11.   WARRANTS               
      AND OPTIONS:            The Company sold 100,000 warrants to the Company's
                              Underwriter ("Underwriter's Warrants") in
                              September 1992 for an aggregate of $100. The
                              Underwriter's Warrants, as
                              adjusted, entitle the Underwriter, or its
                              assignees, to purchase up to 566,038 shares of
                              common stock at an exercise price of $1.06 and an
                              aggregate of 100,000 warrants exercisable at
                              $2.50. All of the Underwriter's Warrants expire on
                              September 24, 1998. In 1996, 84,906 of the
                              Underwriter's Warrants were exercised.

                              The Underwriter has agreed not to sell or
                              otherwise dispose of Underwriter's Warrants prior
                              to September 24, 1997, unless the Company (i) is
                              able to complete an underwritten secondary public
                              offering, or (ii) obtains $11,000,000 of gross
                              revenue as shown on its audited financial
                              statements or as shown on a pro forma basis with
                              any acquired company, for the then current fiscal
                              year, at which time the lock-up would be
                              terminated.

                                      F-12

<PAGE>

                              In January 1995, the Company issued stock options
                              to purchase 30,000 common shares at $3.00 per
                              share to a consultant, who subsequently became a
                              director. These options expire in February 2000.
                              The Company also issued stock options to a
                              consultant to purchase 120,000 common shares at
                              $3.00 per share, which options and accompanying
                              consulting agreement were terminated by the
                              Company and are the subject of a lawsuit. In April
                              1995, the Company also granted options to purchase
                              20,000 shares at $2.00 per share to its counsel.
                              All of these options are outside the Employee
                              Stock Option Plans and expire in April 2000. In
                              January 1996, the Company issued stock options to
                              purchase 18,500 shares at $1.06 per share to the
                              director mentioned above.
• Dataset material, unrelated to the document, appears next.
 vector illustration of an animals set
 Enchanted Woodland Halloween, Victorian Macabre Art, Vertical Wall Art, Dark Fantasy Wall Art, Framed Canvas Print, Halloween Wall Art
                              In March 1996, the Company issued 300,000 warrants
                              to Barber and Bronson, Inc. as partial
                              compensation for acting as the Company's Placement
                              Agent for its private placement of equity. These
                              warrants entitle the placement agent to purchase
                              300,000 shares of common stock at an exercise
                              price of $1 during the five-year period commencing
                              June 19, 1996.

                              The Company's Placement Agent also received a
                              warrant ("Placement Agent's Warrant") in June
                              1996. The Placement Agent's Warrant entitles the
                              Placement Agent to purchase up to 8.2 units, each
                              consisting of 25,000 shares of common stock and
                              warrants to purchase 12,500 common shares, at an
                              exercise price of $1.00 during the five-year
                              period commencing June 19, 1996. The Placement
                              Agent, pursuant to a consulting agreement, will
                              provide financial consulting services for two
                              years, starting March 5, 1998 at a rate of $3,000
                              per month.

                              In September 1996, the Company issued 10,000
                              warrants to two directors at an exercise price of
                              $2.00 per share of common stock. These warrants
                              expire in 2001.


 12.   MD-90 CONTRACT:        In March 1991, the Company entered into an
                              agreement with Rohr, pursuant to which the Company
                              agreed to provide Rohr with apron assemblies and
                              related components in connection with production
                              of then proposed McDonnell Douglas MD-90 jet
                              aircraft. During the year ended December 31, 1996,
                              approximately 58% of the Company's revenue was
                              derived from this program, as compared with 57% in
                              1995. As of December 31, 1996, an aggregate of
                              $8,915,177 was included in costs and estimated
                              earnings in excess of billings on uncompleted
                              contracts. McDonnell Douglas received FAA
                              certification for the MD-90 in November 1994.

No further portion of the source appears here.